AWOL
Once again it took slogging through the independent film releases to find an LGBTQIA love story. Honestly, when will there be more representation of these characters in mainstream filmmaking? Luckily there’s anime, book series, fan fiction, and television series that don’t shy away from this kind of representation, but I can count the amount of theatrical queer releases, out in the last ten years, on one hand. Luckily for us, filmmaker Deb Shoval has created an immensely satisfying film that showcases these kinds of characters, but also says a lot about rural America and the desperation of trying to escape poverty.

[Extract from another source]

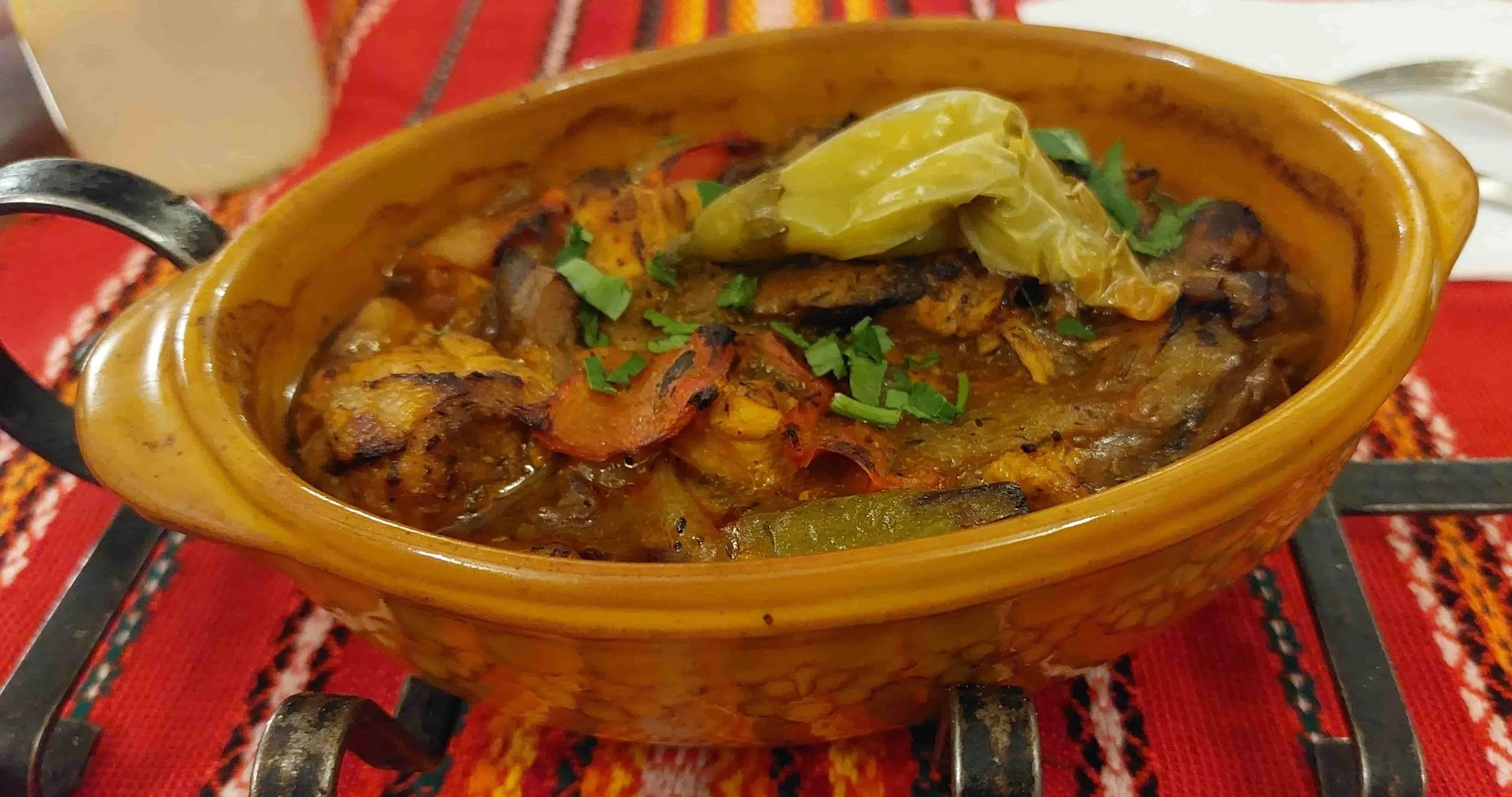 Kavarma – traditional Bulgarian slow-cooked meat stew with vegetables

Deb Shoval has been trying to make her own films for seven years. This feature film is based on a short of the same name, also starring Breeda Wool as Rayna. Fortunately for us Wool is paired with well-known streaming star Lola Kirke, showcasing an electric chemistry that fuels the entirety of this film. This is set in a blisteringly tiny town in rural Pennsylvania, rife with inequality, strife, and uncertainty. Joey (Kirke) is a nineteen year old hourly worker who wants to join the army to pay for college. Rayna (Wool) is a mother of two whose husband is away a lot. After meeting at a carnival where Joey works the pair strikes up a romance on the borders of both of their lives. The film touches on many themes, the central one being desperation. Each wants to leave town, start a new life, and be bigger than their claimed identities. When they’re not together it’s intensely depressing, and as an audience member you’re constantly gripped by panic and subtle strains of hope.

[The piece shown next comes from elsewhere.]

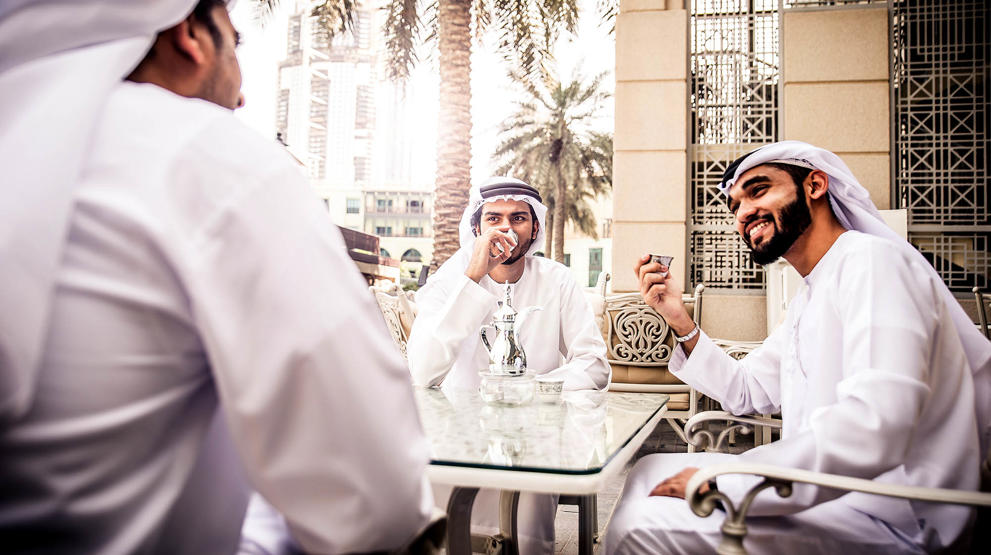 Kaffeslabberas i Abu Dhabi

Authenticity is threaded throughout every aspect of this film, blending together moments in broken down, squalid trailer homes, unfinished basements, and streets lined with bars and churches alike. The fields, which could have once been called bucolic, lend to a feeling of sepia despair. All in all, Shoval, who grew up in coal country, understands placement and setting better than other independent directors, who often try to cover their lack of funding with borrowed homes and tacky tracking shots.
While I truly love the choices made in this film, I don’t think I love the ending. It’s unexpected, lends to a truly heartbreaking narrative about love and the choices we make, but it feels incomplete. I don’t think we’re always owed explanations about characters’ fates, , but in this case there’s too much despair. It feels more melodramatic than anything, and in a film that relies heavily on realism, it feels out of place. Before that shift, it was one of the truest films about the state of the world that I’ve seen since Winter’s Bone.